▶ [Data excerpt]
§
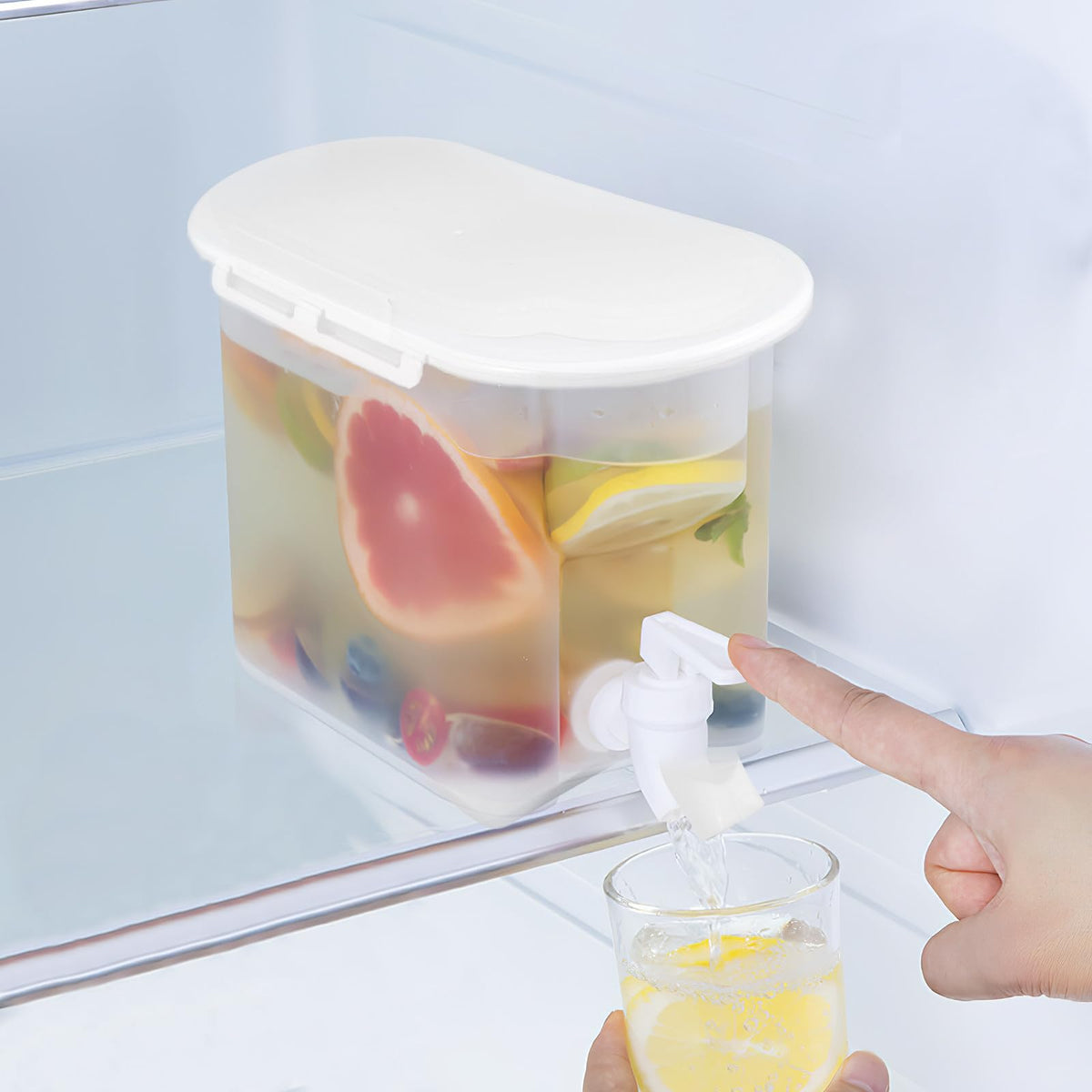 Water Jug with Faucet Large Capacity PP Container Y683729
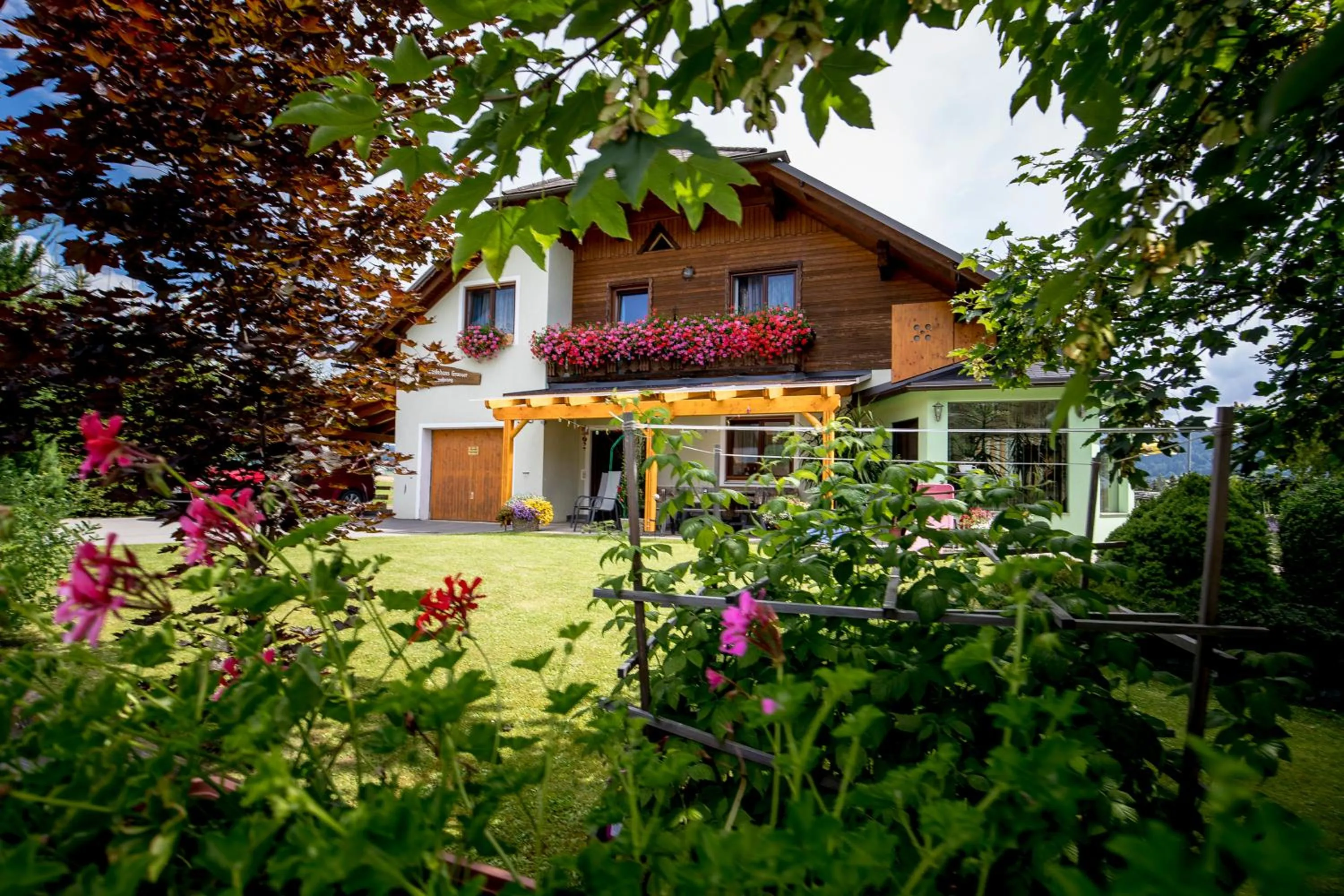 Property building in Hotel Gasthof zur Linde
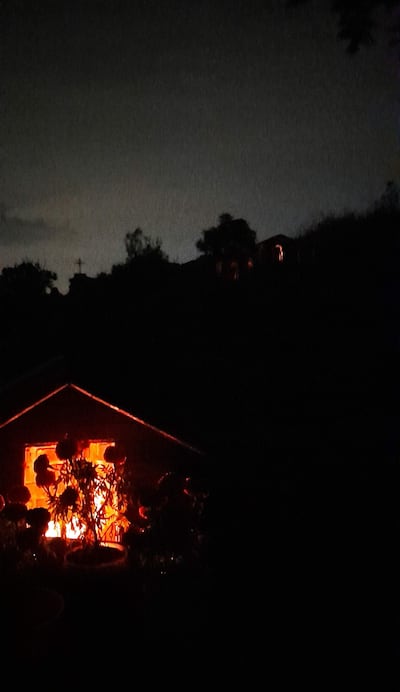 Luz en medio de la noche en el Cementerio de Huitizizilapán (Foto: Cortesía del autor, Pelao Carvallo).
§
▶ [Exercise instructions] Would you set down the listing exactly, omitting pictures?

▶ [Written reply]
 Water Jug with Faucet Large Capacity PP Container Y683729
 Property building in Hotel Gasthof zur Linde
 Luz en medio de la noche en el Cementerio de Huitizizilapán (Foto: Cortesía del autor, Pelao Carvallo).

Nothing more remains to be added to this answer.